Ces prêts très prisés des investisseurs car ils promettent une bonne performance dans les phases de hausse des taux d’intérêt, révèlent toutefois un risque peu pris en compte.
Depuis le début de l’année, le segment de placement des Senior Secured Loans, ou emprunts à effet de levier, a enregistré des afflux d’environ 12 milliards de dollars. Les Senior Secured Loans sont des prêts titrisés à des entreprises américaines fortement endettées, dont les coupons sont liés à un taux d’intérêt variable à court terme. Dans un contexte de hausse des taux d’intérêt, les investisseurs peuvent donc bénéficier de versements de coupons plus élevés et n’ont pas à craindre d’effets négatifs directs sur la performance.
Cependant, l’appellation de «Secured Loans» est délicate. D’un point de vue technique, il s’agit certes de créances prioritaires et garanties. Mais dans les faits, le bilan des débiteurs est très faible. Dans ce contexte, la désignation d’emprunts à effet de levier (Leverage Loans) serait plus pertinente, même si cela ne change rien aux risques.
Nous estimons que les emprunts à effet de levier seront nettement plus touchés par les effets secondaires du relèvement des taux que les obligations d’entreprises mondiales.
Contrairement aux sociétés solvables de qualité «investment grade», les émetteurs d’emprunts à effet de levier n’ont généralement pas accès à des lignes de crédit et des prêts bancaires simples. En raison de leur faible solvabilité, le refinancement au moyen d’obligations high yield leur est souvent refusé. Ainsi, dans les emprunts à effet de levier, la part des émetteurs à notation B faible est passée d’environ 50% à 70% au cours des dix dernières années, tandis qu’elle est passée de 50% à 40% dans le segment high yield.

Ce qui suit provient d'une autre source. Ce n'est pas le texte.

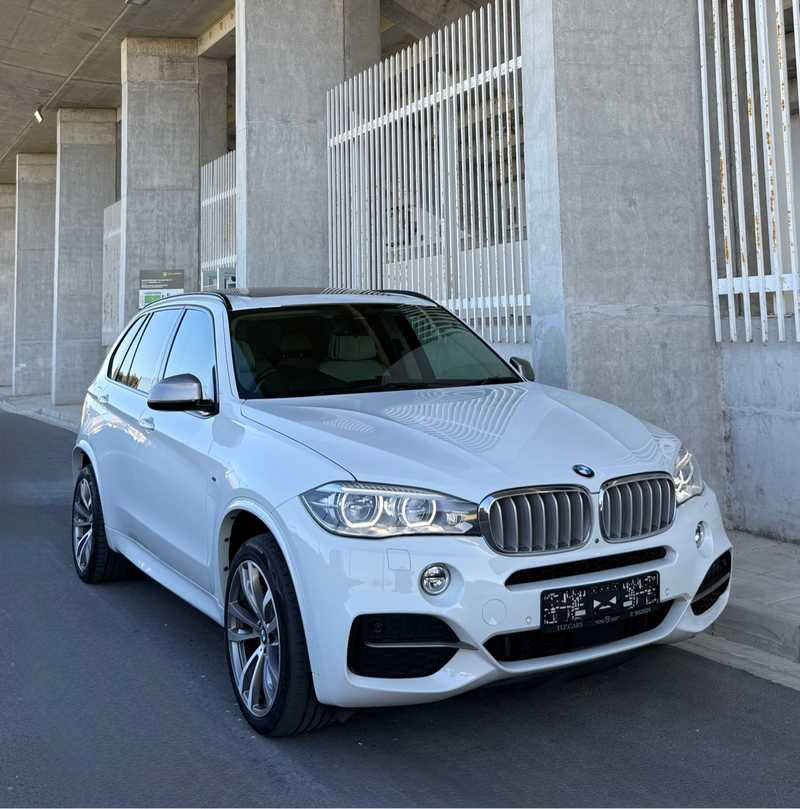 BMW X5 3,0L 2016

En raison de leur petite taille et de leurs bilans faibles, les émetteurs d’emprunts à effet de levier disposent de peu de pouvoir de fixation des prix. Dans le contexte actuel caractérisé par des augmentations de coûts très élevées, ce fait devrait avoir un impact négatif sur les marges et donc sur les bénéfices. A cela s’ajoute la croissance économique affaiblie qui pèsera également sur les chiffres d’affaires. De plus, la forte hausse des taux d’intérêt se répercutera directement sur le compte de résultat sous la forme de frais d’intérêts plus élevés. Pour les débiteurs, la combinaison négative d’une inflation élevée, d’une croissance plus faible et de taux d’intérêt élevés représente un défi de taille.

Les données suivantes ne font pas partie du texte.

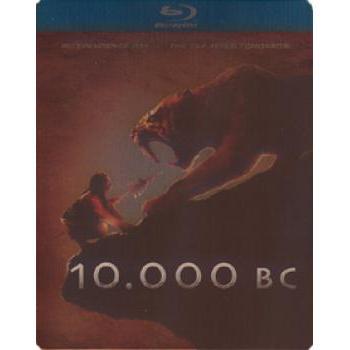 0.000 B.C. Special Edition Steelbook [Blu-ray]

Selon notre analyse de scénario, le relèvement attendu des taux directeurs américains à 3% d’ici à la mi-2023, pourrait entraîner un recul du taux de couverture des intérêts moyen* de 2,5x à un faible ratio de 1,4x. Avec un recul supplémentaire des bénéfices de 20%, le taux de couverture des intérêts continuerait de se dégrader vers 1,0x; à partir de ce seuil, une entreprise ne pourrait plus effectuer ses paiements d’intérêts à partir de ses activités opérationnelles. Dans ce scénario, les notations et les défaillances des émetteurs d’emprunts à effet de levier augmenteraient probablement de manière significative.
A moyen terme, la structure de taux d’intérêt variables des emprunts à effet de levier pourrait s’avérer être le point faible de l’économie américaine, avec les inconvénients qui en découlent pour les investisseurs.